PROVIDED DATA ::
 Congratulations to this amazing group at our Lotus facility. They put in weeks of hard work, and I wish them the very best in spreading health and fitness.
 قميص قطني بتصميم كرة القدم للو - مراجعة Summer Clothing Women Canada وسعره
...
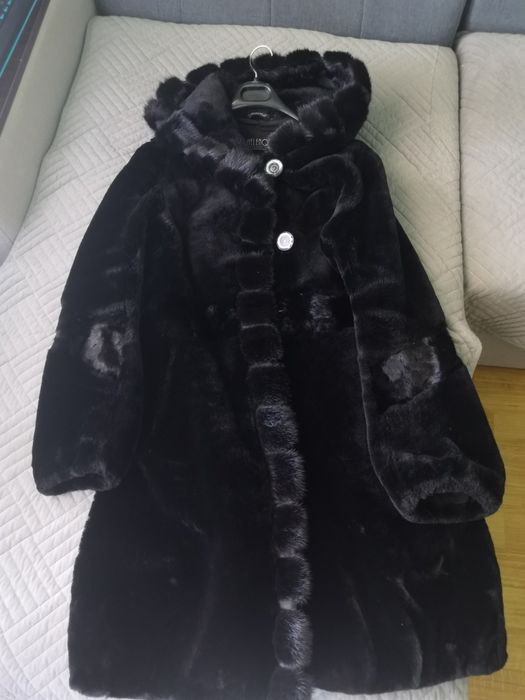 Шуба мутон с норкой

WORK INSTRUCTION ::
Within the listing above, extract exactly the lines from the line with "Congratulations to this" to the line with "قميص قطني بتصميم", the two named lines included, and no others.

WRITTEN ANSWER ::
 Congratulations to this amazing group at our Lotus facility. They put in weeks of hard work, and I wish them the very best in spreading health and fitness.
 قميص قطني بتصميم كرة القدم للو - مراجعة Summer Clothing Women Canada وسعره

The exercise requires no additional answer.